ACTIVITY:
This exercise calls for retyping every line below exactly, with the images omitted.

INFORMATION PROVIDED:
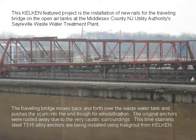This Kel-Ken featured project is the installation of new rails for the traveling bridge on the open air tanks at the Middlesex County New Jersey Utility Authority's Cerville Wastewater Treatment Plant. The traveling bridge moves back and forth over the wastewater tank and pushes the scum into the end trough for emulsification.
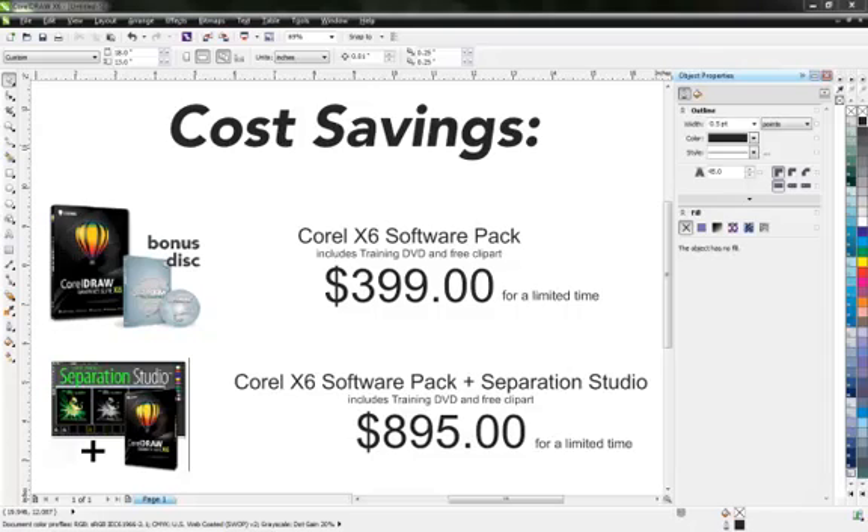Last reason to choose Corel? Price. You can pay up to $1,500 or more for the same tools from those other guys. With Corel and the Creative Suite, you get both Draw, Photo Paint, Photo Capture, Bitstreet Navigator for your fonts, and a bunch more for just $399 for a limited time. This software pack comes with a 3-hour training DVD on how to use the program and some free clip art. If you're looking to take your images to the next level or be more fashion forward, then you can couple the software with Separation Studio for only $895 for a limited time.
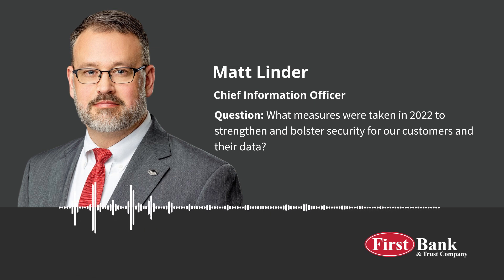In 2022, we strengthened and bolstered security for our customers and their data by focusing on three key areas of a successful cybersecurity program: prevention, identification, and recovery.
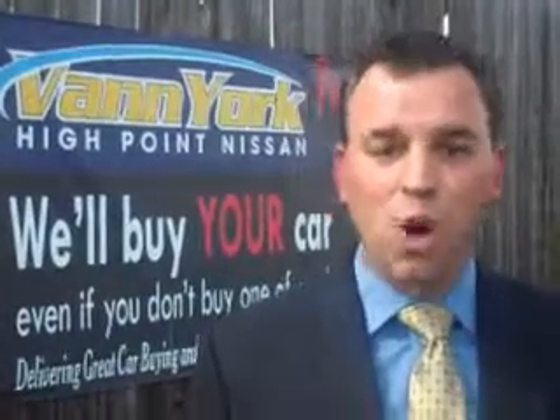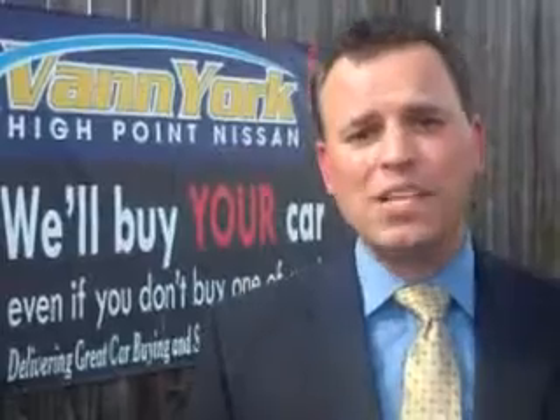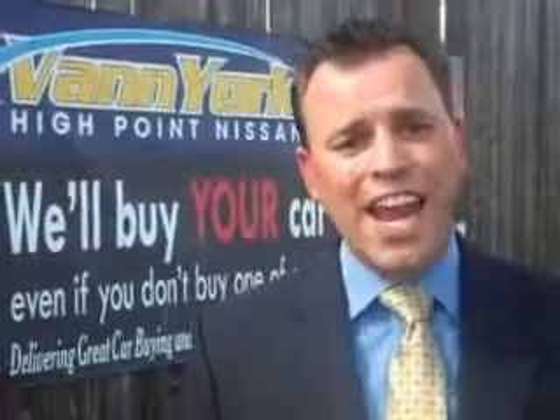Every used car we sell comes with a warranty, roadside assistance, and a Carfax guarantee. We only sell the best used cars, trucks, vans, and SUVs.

ANSWER TO THIS EXERCISE:
This Kel-Ken featured project is the installation of new rails for the traveling bridge on the open air tanks at the Middlesex County New Jersey Utility Authority's Cerville Wastewater Treatment Plant. The traveling bridge moves back and forth over the wastewater tank and pushes the scum into the end trough for emulsification.
Last reason to choose Corel? Price. You can pay up to $1,500 or more for the same tools from those other guys. With Corel and the Creative Suite, you get both Draw, Photo Paint, Photo Capture, Bitstreet Navigator for your fonts, and a bunch more for just $399 for a limited time. This software pack comes with a 3-hour training DVD on how to use the program and some free clip art. If you're looking to take your images to the next level or be more fashion forward, then you can couple the software with Separation Studio for only $895 for a limited time.
In 2022, we strengthened and bolstered security for our customers and their data by focusing on three key areas of a successful cybersecurity program: prevention, identification, and recovery.
Every used car we sell comes with a warranty, roadside assistance, and a Carfax guarantee. We only sell the best used cars, trucks, vans, and SUVs.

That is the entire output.